Есть только один выход: на основе наблюдений построить до­статочно произвольную догадку, а затем по­смотреть, «работает» ли она. Допустим, одно сознание строит предположения о переводе своих построений на язык другого со­знания. Для этого оно должно: обладать информацией о результатах работы другого сознания, сформулировать гипотезы о пра­вилах перевода и далее их проверять. Но как сознание сможет осу­ществить такую проверку? Ведь механизм сознания будет старать­ся подтверждать собственные гипотезы, а следовательно, в случае ошибочного отождествления, упорно повторять ошибку. (Как показывает в том числе бессмертие мифологии, такое всегда воз­можно.) Если ошибочная подгонка двух разных представлений друг к другу будет происходить в одном из имеющихся сознаний, то и сенсорная, и моторная информация окажутся в этом созна­нии вместе, а это нарушит главную идею –постулируемую независимость сенсорного и моторного.

Вариант решения.

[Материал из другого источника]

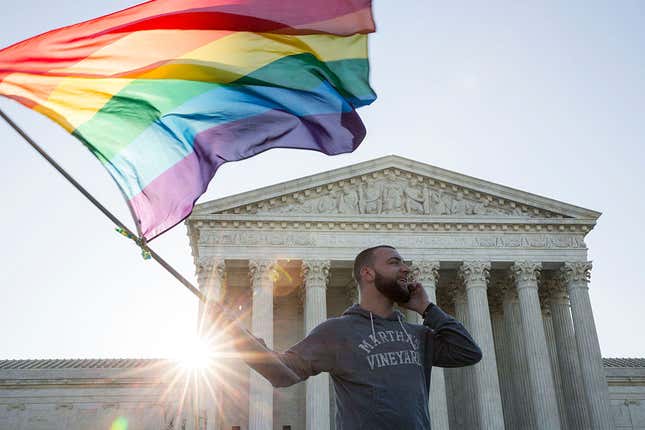 : Same-sex marriage supporter Vin Testa, of Washington, DC, waves a rainbow pride flag near the Supreme Court, April 28, 2015, in Washington, DC. On Tuesday, the Supreme Court will hear arguments concerning whether same-sex marriage is a constitutional right, with decisions expected in June.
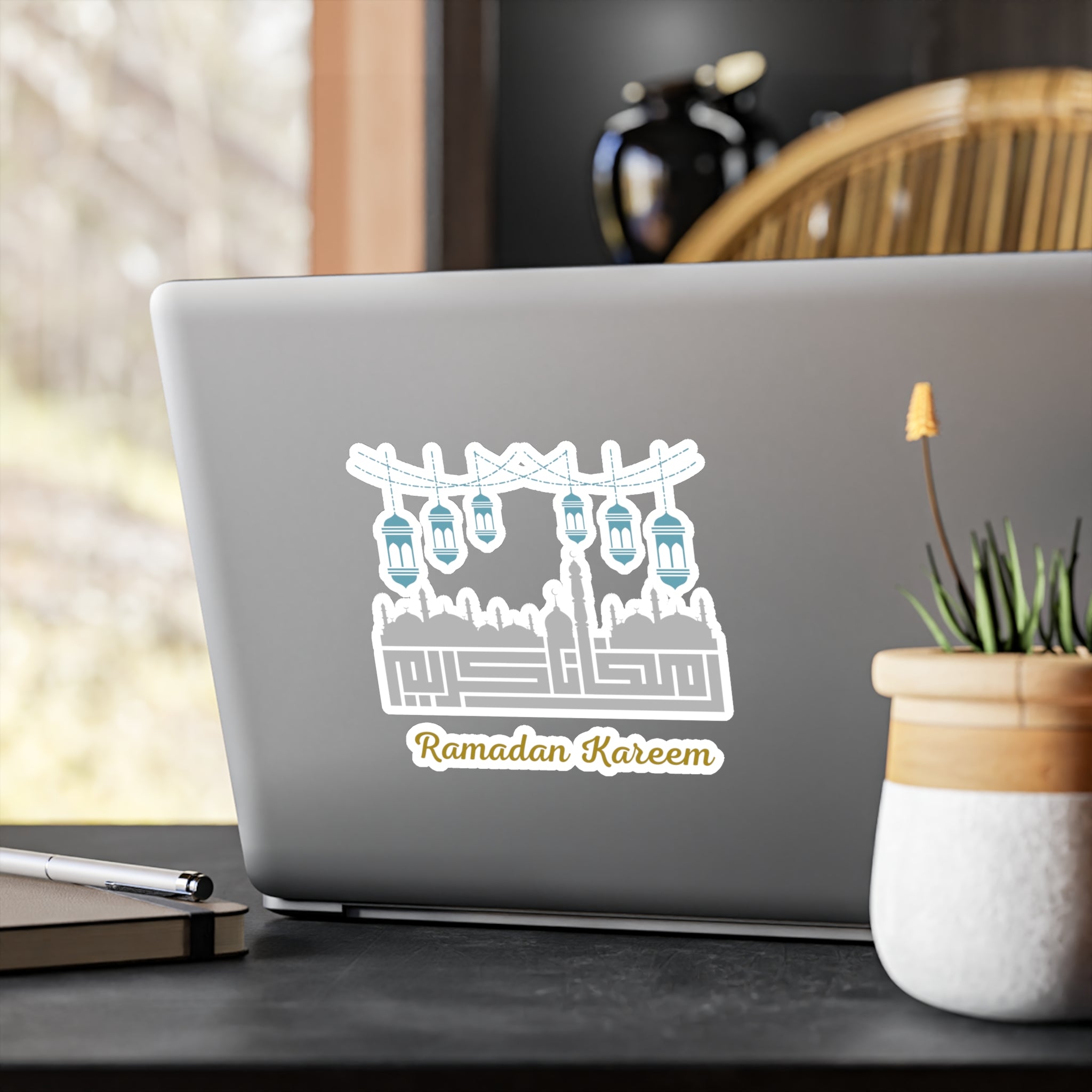 A laptop with a "Ramadan Kareem Kiss-Cut Vinyl Decal" featuring lanterns on its lid, placed on a desk next to a potted plant.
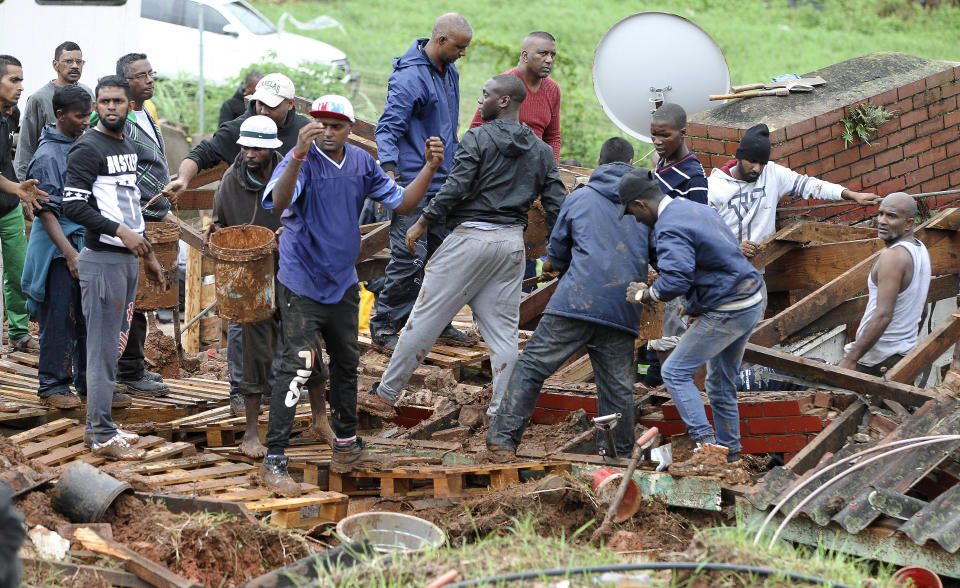 Rescue workers search for victims in a collapsed building near Durban, South Africa, Tuesday, April 23, 2019. South African media report that 33 people are dead from flooding and mudslides in the country's eastern KwaZulu-Natal province caused by heavy rains that began on Monday. (AP Photo)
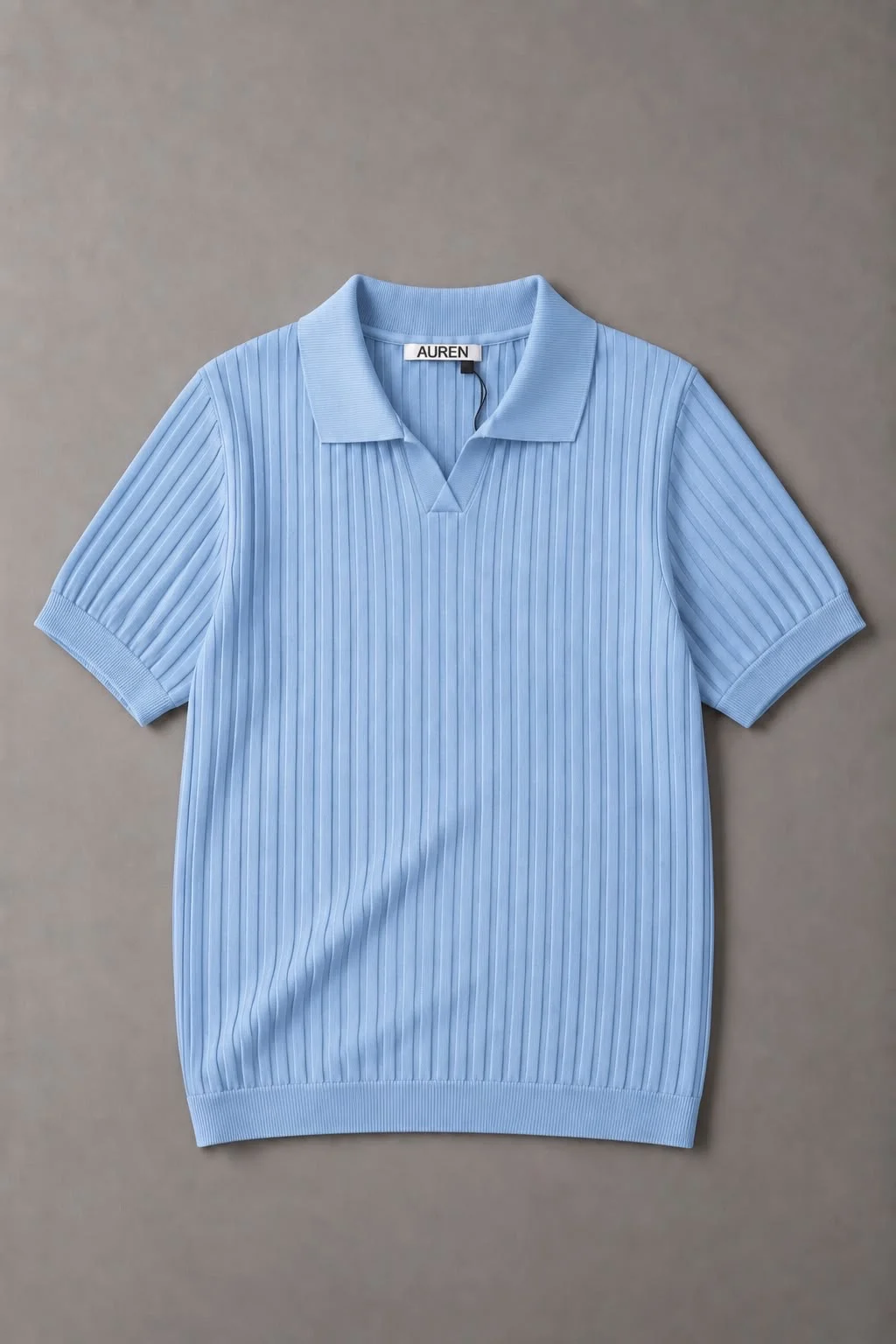 Camisa polo de malha azul-clara com textura canelada vertical, gola clássica e mangas curtas, fotografada sobre um fundo neutro.
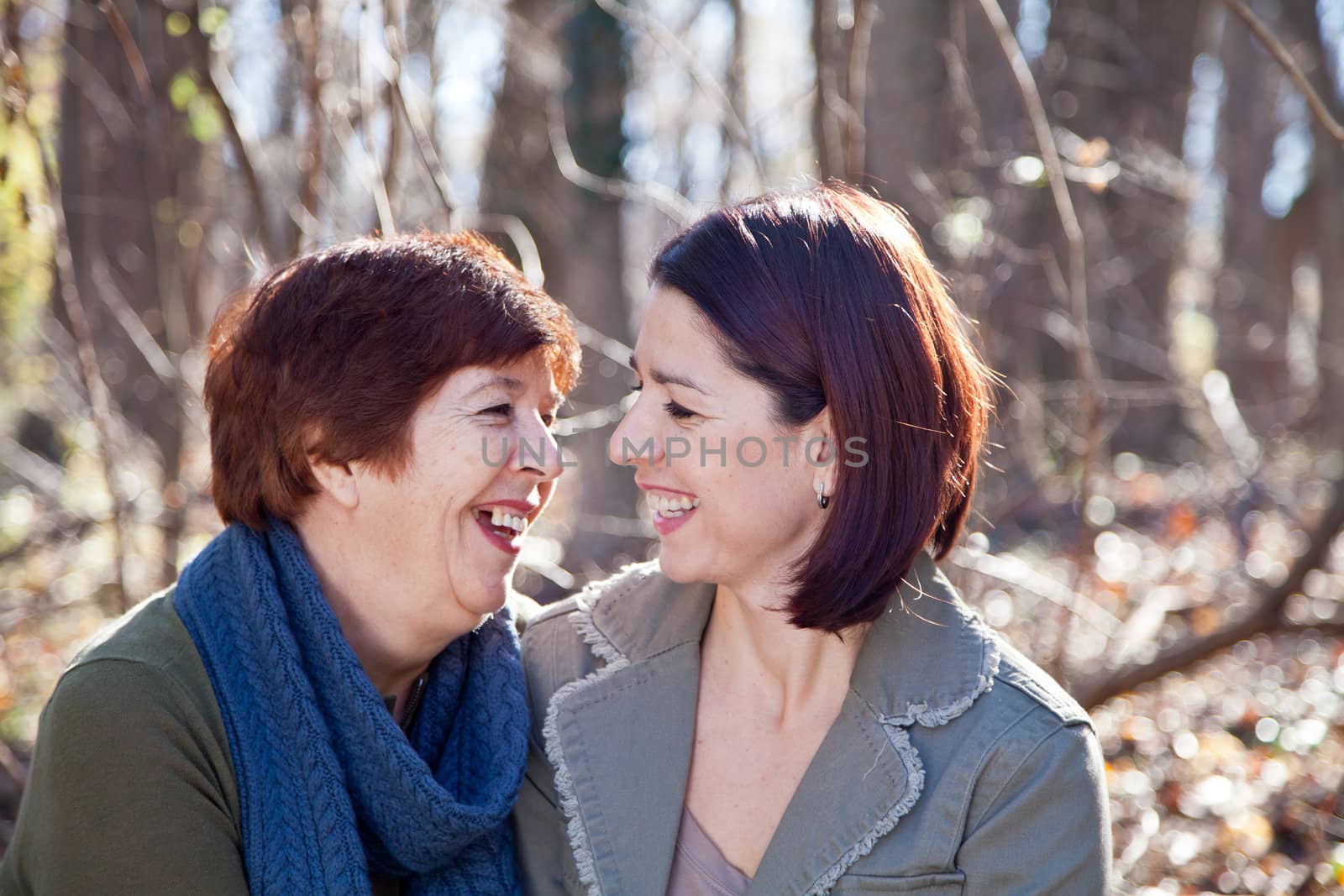 Portrait of women (mother and daughter) laughing at each other with love and affection.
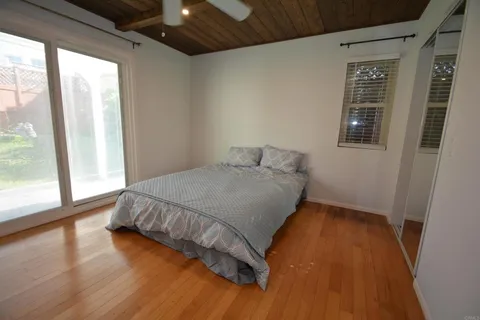a bed sitting in a bedroom next to a window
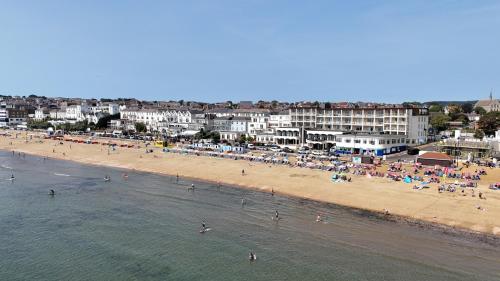 a beach with a bunch of people in the water at Sandringham Hotel - Seafront, Sandown, Isle of Wight - FREE CAR FERRY TICKET for 3 Nts, 1-2 Nts from 109 Pounds in Sandown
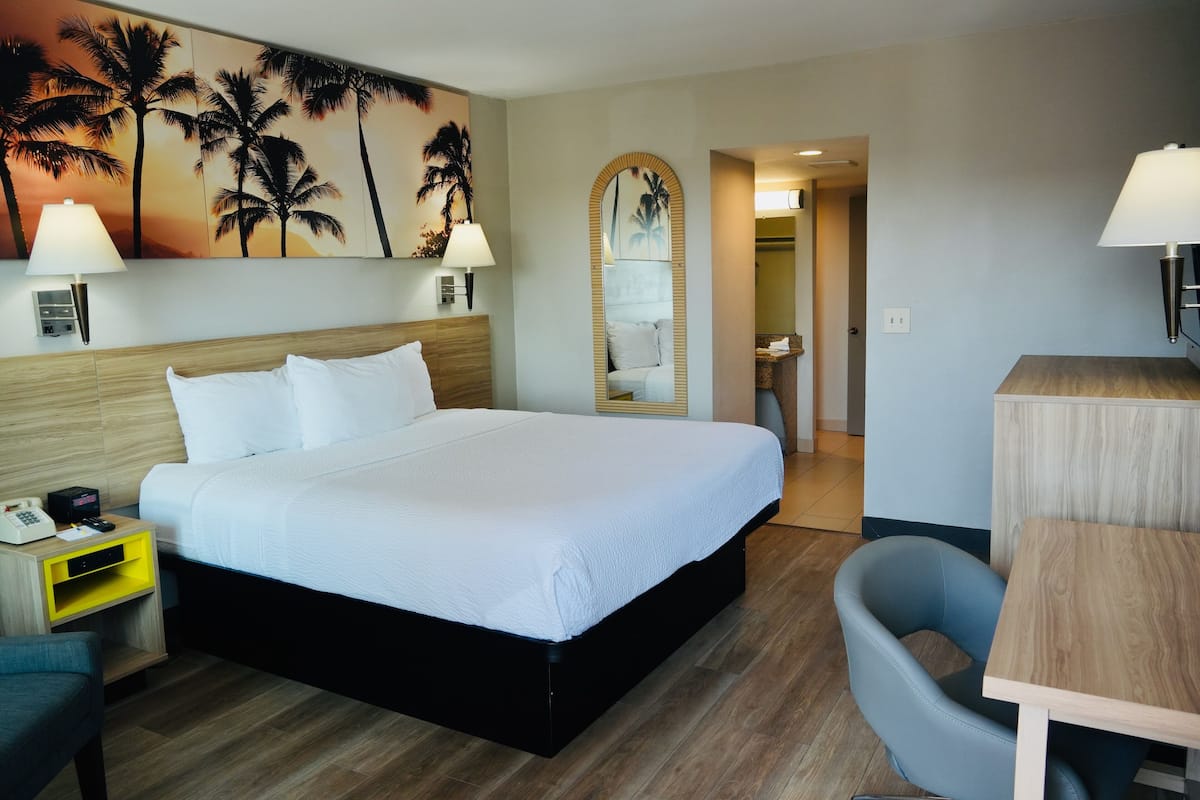 A hotel room with a large bed, bedside lamps, a desk, a chair, a mirror, and a wall with a palm tree painting.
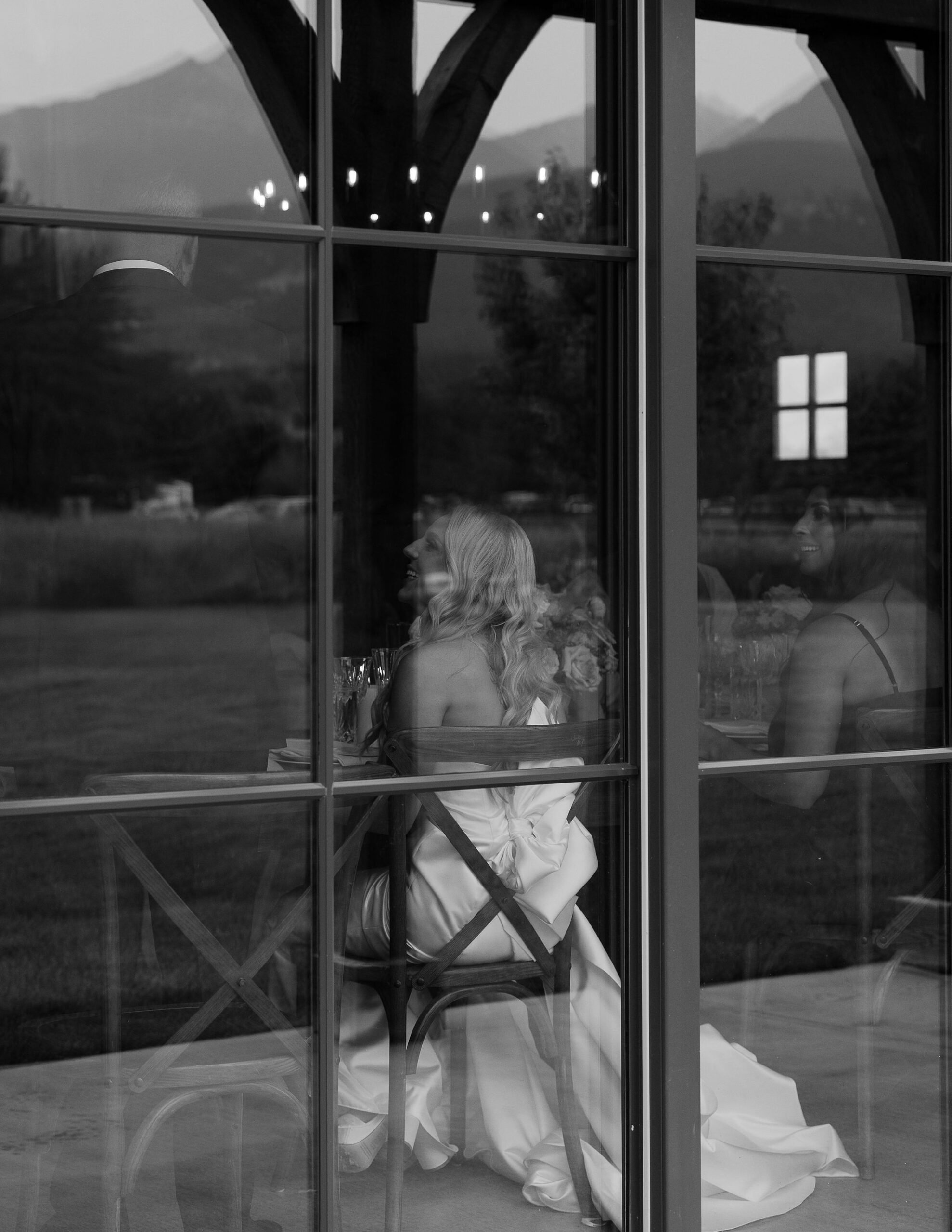  A black and white image of the bride, seated and seen through the window panes of Copper Rose Ranch Wedding Venue. The Montana Bride appears reflective and serene, captured by Montana Wedding Venue Photographer Haley J Photo.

Отсюда очередной логический трюк: провер­ка сделанных предположений о правилах перевода с сенсорного языка на моторный должна организовываться третьим сознани­ем. Назовем его сенсомоторным. Вот упрощенный способ работы этого сознания: моторные представления, более-менее совпада­ющие во времени с сенсорными представлениями, случайным образом отождествляются друг с другом. Когда под воздействием сенсорной информации сенсорное сознание актуализирует опре­деленное представление, то сенсомоторное сознание проверяет, осуществимы ли все действия, совместимые с отождествленным с ним моторным представлением. Или наоборот. При выполне­нии каких-то действий можно проверить, насколько сенсорное представление, отождествленное с управляющим этими действи­ями моторным представлением, совместимо с реальной сенсор­ной информацией.

Здесь стоит особо отметить, что существуют такие действия (например, движения гортани), которые возможны почти в лю­бой ситуации. Эти действия совместимы практически с любой сенсорной информацией, а значит, их «перевод» на сенсорный язык почти всегда произволен и не проверяем, что тем более по­зволяет создавать мифологические концепции (особенно о соб­ственной самости).

Проблема третья. Результаты работы сенсомоторного сознания необходимо независимо проверять. Но разве человек может найти где-нибудь независимо построенные сенсомоторные связи для сопоставления с теми, которые построены в его сенсомоторном сознании?